**WORK INSTRUCTION**
Start to finish, print the entries exactly, and carry none of the pictures over.
-----
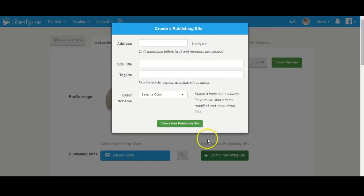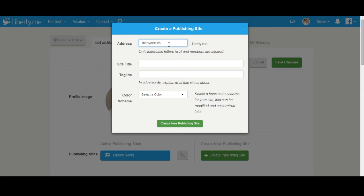The address is your custom URL for your Liberty.me publishing site. Your site title and tagline will appear in the header of your site, so choose something descriptive of what you plan on writing.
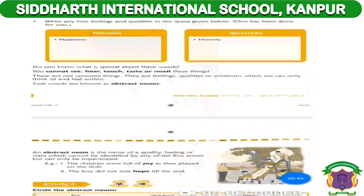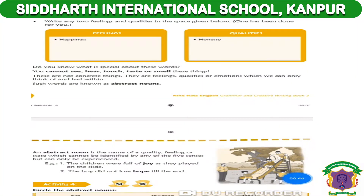Today we learn about the abstract noun. We studied common and proper nouns in the previous class, and today I will discuss abstract nouns. Abstract noun means it is a feeling or a quality which you cannot see, taste, or smell. These are not concrete things.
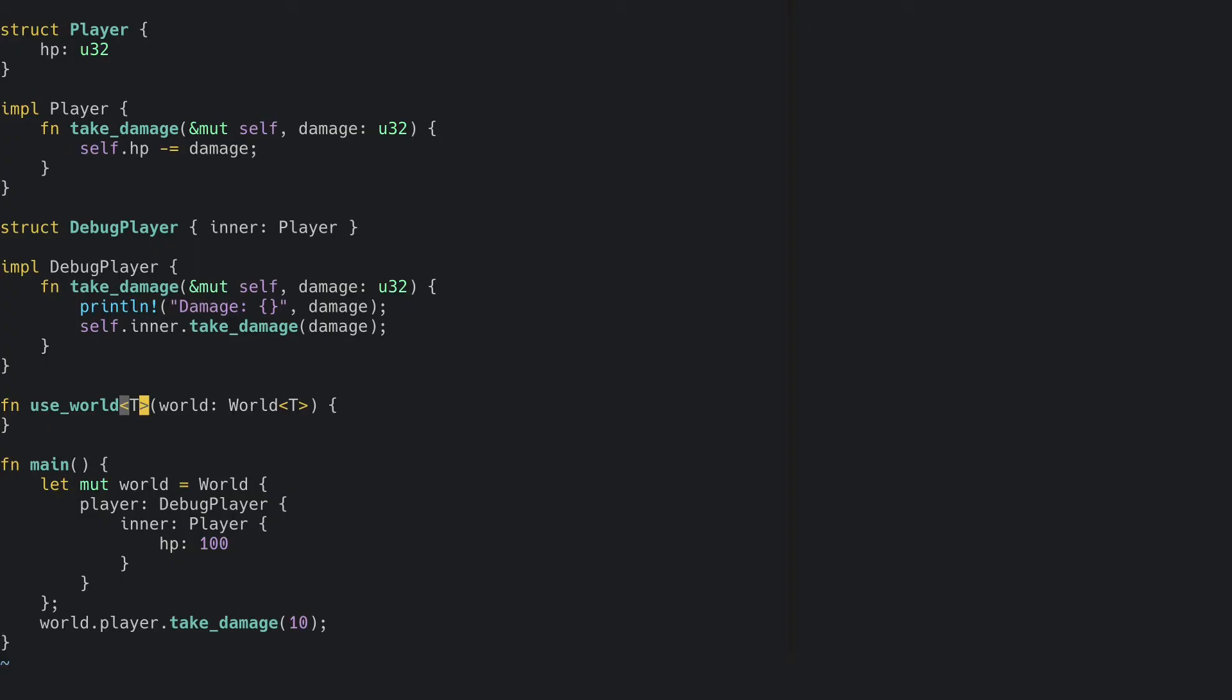If we try to call the takeDamage method on the player field in the world, we're going to get yet another error. That is because T can be just about anything, as there is nothing preventing you from assigning just about any value to the player field on the world. To make sure that we can only call our takeDamage method on the player field on the world, we can add a trait bound.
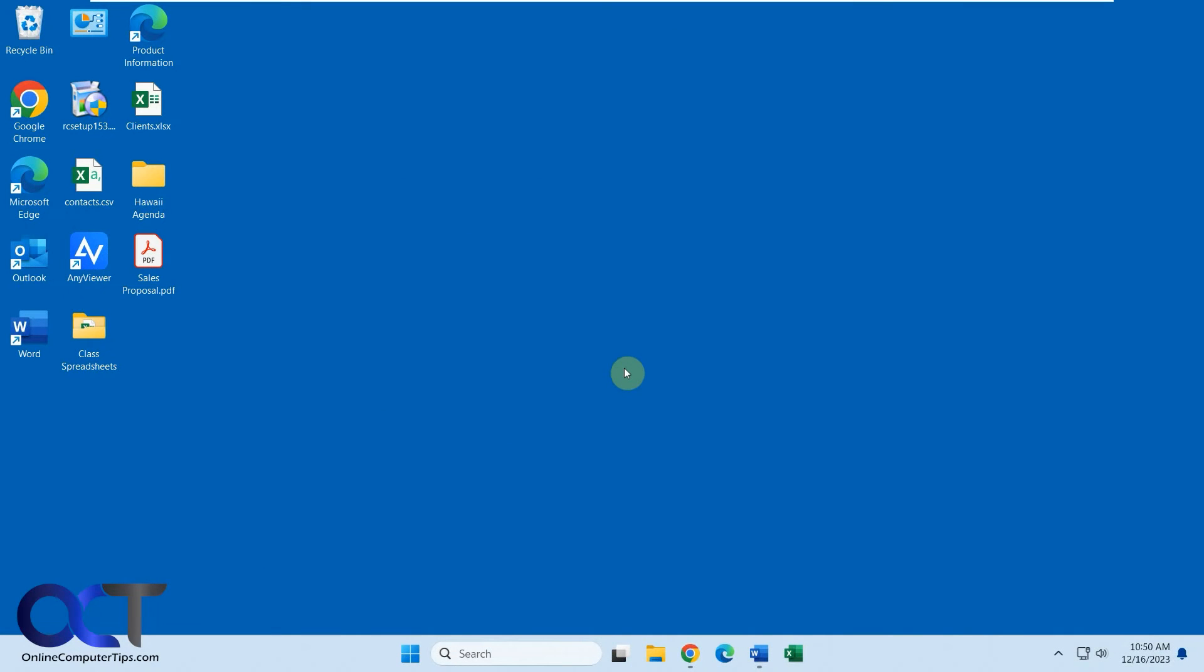Hi, in this video we're going to be talking about the AnyViewer remote control software. So this is a remote desktop type software that you could use over the internet or over your network to connect to other computers and control them, as well as transfer files.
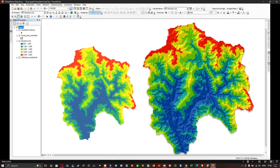Hello everyone, welcome to the channel. In this video I'm going to show you how to transform a simple-looking digital elevation model into an improved terrain visualization raster using ArcGIS. Let's get started.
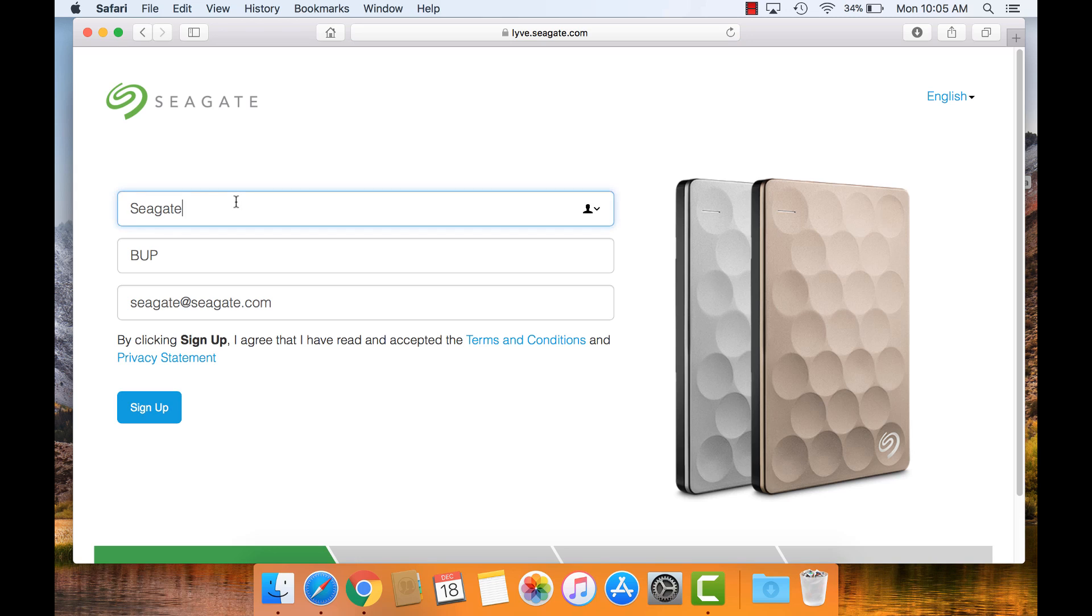Registration requires first name, last name, and an email address. Click Sign Up to continue.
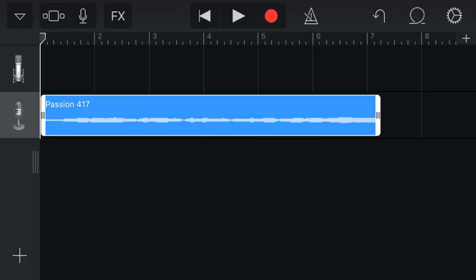All right, here we are in GarageBand on my iPhone 6S, and I've already got my music track imported in, and we're going to play this so you can hear it.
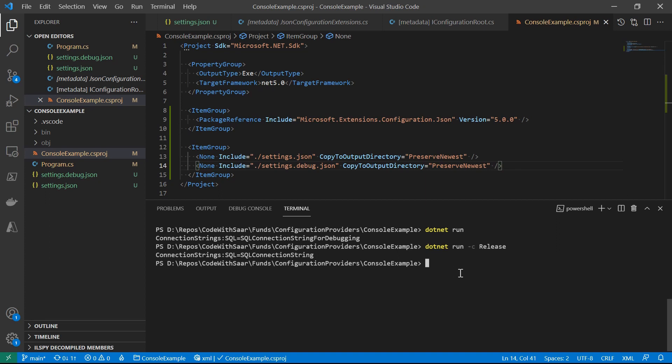Configuration files usually get checked into source control along with the source code. For some projects that's okay, but for others there's a security concern. The whole point of separating connection strings per environment is so that production information won't be leaked. Checking a connection string into source control — especially with open source being so popular — defeats the purpose. To remove sensitive values from files, there are other configuration providers at our disposal, such as the environment variable provider.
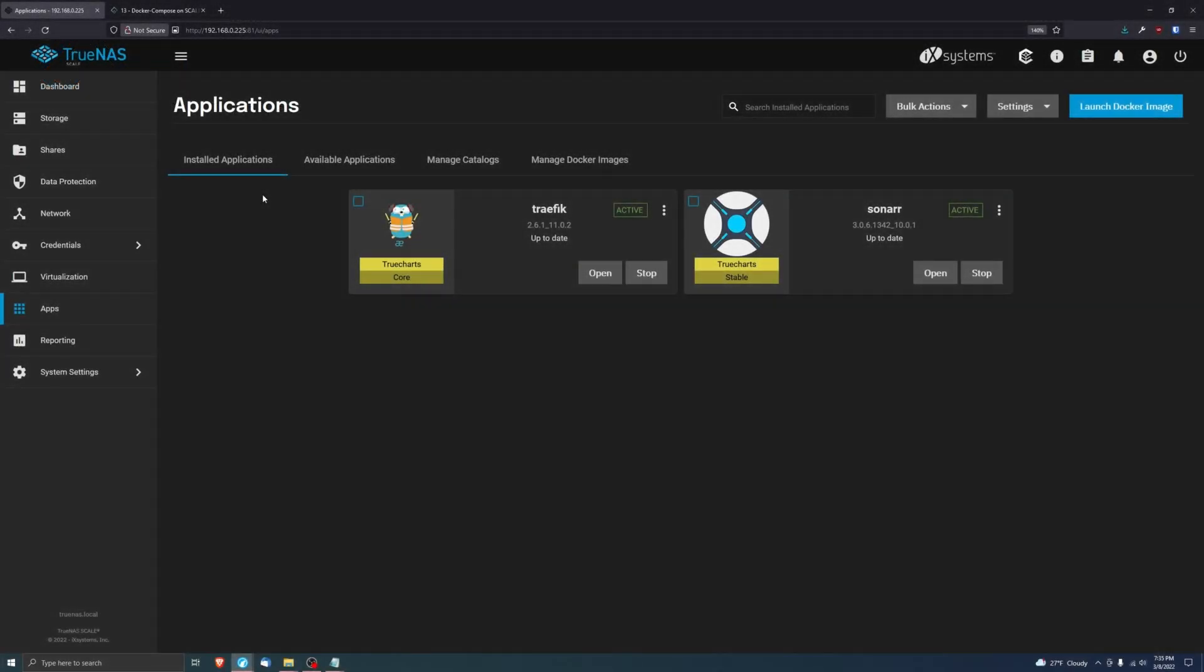Today we're going to be talking about Docker Compose, which was recently added to TrueCharts and therefore TrueNAS Scale. It's very cool. I've already launched a few applications using it and it's seriously super awesome. I wanted to show it off today and talk about some prerequisites. Docker Compose and TrueNAS Scale applications will not be intertwined at all.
-----
**ANSWER TO THIS PROBLEM**
The address is your custom URL for your Liberty.me publishing site. Your site title and tagline will appear in the header of your site, so choose something descriptive of what you plan on writing.
Today we learn about the abstract noun. We studied common and proper nouns in the previous class, and today I will discuss abstract nouns. Abstract noun means it is a feeling or a quality which you cannot see, taste, or smell. These are not concrete things.
If we try to call the takeDamage method on the player field in the world, we're going to get yet another error. That is because T can be just about anything, as there is nothing preventing you from assigning just about any value to the player field on the world. To make sure that we can only call our takeDamage method on the player field on the world, we can add a trait bound.
Hi, in this video we're going to be talking about the AnyViewer remote control software. So this is a remote desktop type software that you could use over the internet or over your network to connect to other computers and control them, as well as transfer files.
Hello everyone, welcome to the channel. In this video I'm going to show you how to transform a simple-looking digital elevation model into an improved terrain visualization raster using ArcGIS. Let's get started.
Registration requires first name, last name, and an email address. Click Sign Up to continue.
All right, here we are in GarageBand on my iPhone 6S, and I've already got my music track imported in, and we're going to play this so you can hear it.
Configuration files usually get checked into source control along with the source code. For some projects that's okay, but for others there's a security concern. The whole point of separating connection strings per environment is so that production information won't be leaked. Checking a connection string into source control — especially with open source being so popular — defeats the purpose. To remove sensitive values from files, there are other configuration providers at our disposal, such as the environment variable provider.
Today we're going to be talking about Docker Compose, which was recently added to TrueCharts and therefore TrueNAS Scale. It's very cool. I've already launched a few applications using it and it's seriously super awesome. I wanted to show it off today and talk about some prerequisites. Docker Compose and TrueNAS Scale applications will not be intertwined at all.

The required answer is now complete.